Tuesday, October 27, 2009

Growing in Grace

Yesterday, someone close to me said something that really hurt me. It sent me into waves of confusion because this person had become very close and dear to me since the time that I arrived here. Yet, what this person said had so completely shaken my thoughts that I was shocked and baffled at the character that was shown through the words that were spoken. Without even thinking, I barked back but realized immediately that that was the wrong kind of response. Therefore, I softened my tone as I went on and even tried to add some humor into it. Thankfully, the other person didn't seem to be affected by it at all--but as for the hurtful comment that was given to me, it stayed on my mind all day. I finally gave it to the Lord in prayer that night and just this morning, He answered with me from Colossians 3:12-15:

“Therefore, God’s chosen ones, holy and loved, put on heartfelt compassion, kindness, humility, gentleness, and patience, accepting one another and forgiving one another if anyone has a complaint against another. Just as the Lord has forgiven you, so also you must forgive. Above all, put on love—the perfect bond of unity. And let the peace of the Messiah, to which you were also called in one body, control your hearts. Be thankful.”
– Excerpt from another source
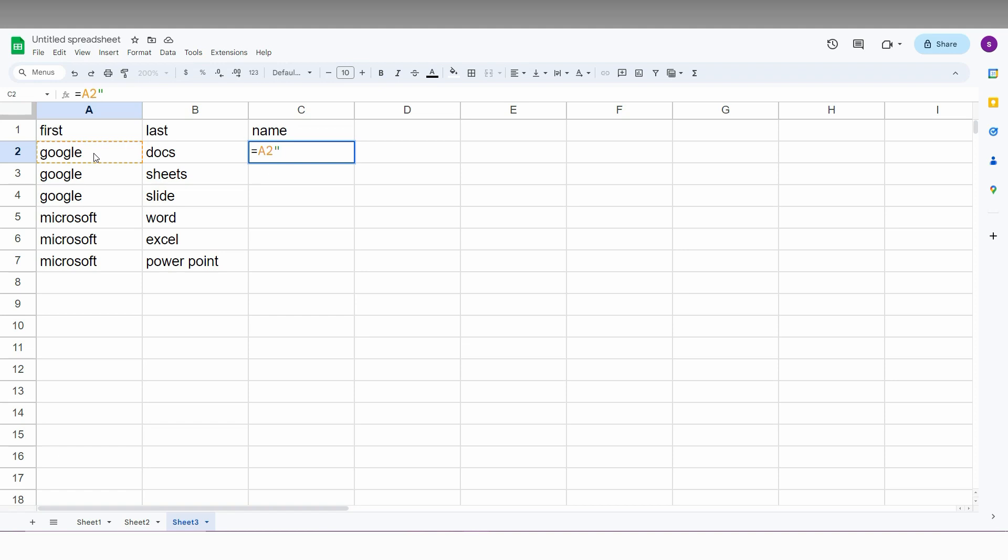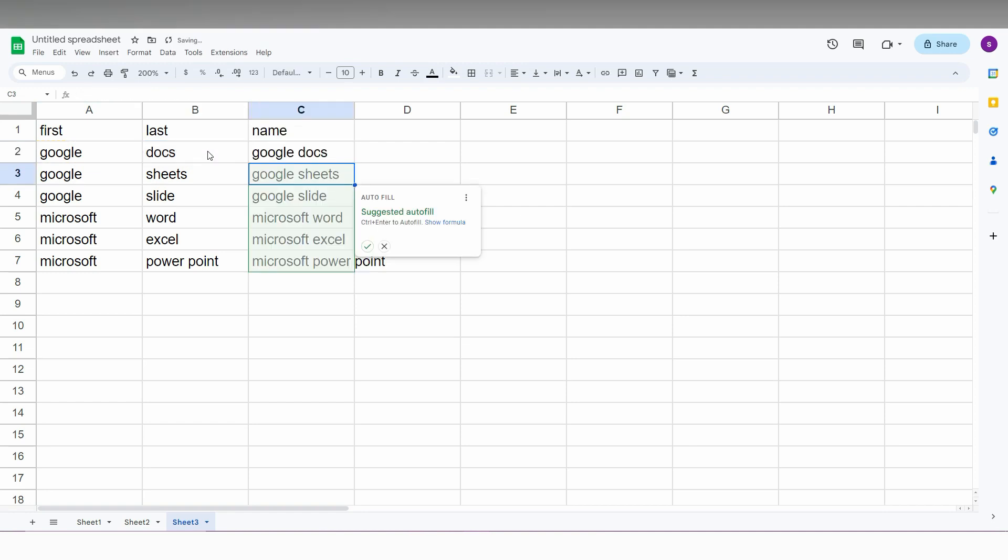You need to add an & symbol here. The first cell, then this double quote section for the space between the two names. If you don't need a space, you can remove the double quote space section. Then add another & and the second cell. Now click Enter, and you can see it's filled with the name Google Docs.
God is so faithful--He always encourages me right when I need it. I shouldn't forget the fact that before I came to Christ, I had so maliciously mistreated Him with words from my own mouth as well. Nevertheless, He has given us "redemption through His blood, the forgiveness of our trespasses, according to the riches of His grace” (Ephesians 1:7). God is good, amen? Let us learn from the example that He has already set for us, and let us be quick to forgive, slow to speak, slow to anger, and be graceful with the tongue that God has given us.

"Out of the same mouth come blessing and cursing. My brothers, these things should not be this way. Does a spring pour out sweet and bitter water from the same opening?" -James 3:10-11

I'm reminded of a lesson I learned in marriage and counseling (for the few days that I was in there). The instructor said that when your spouse suddenly speaks harshly to you, you should answer back with a gentle, softer tone to avoid unnecessary arguments. It surprises me sometimes how, if people would just read the Bible and live according to its principles, they would be able to exhibit such character that is often published in best-selling books today.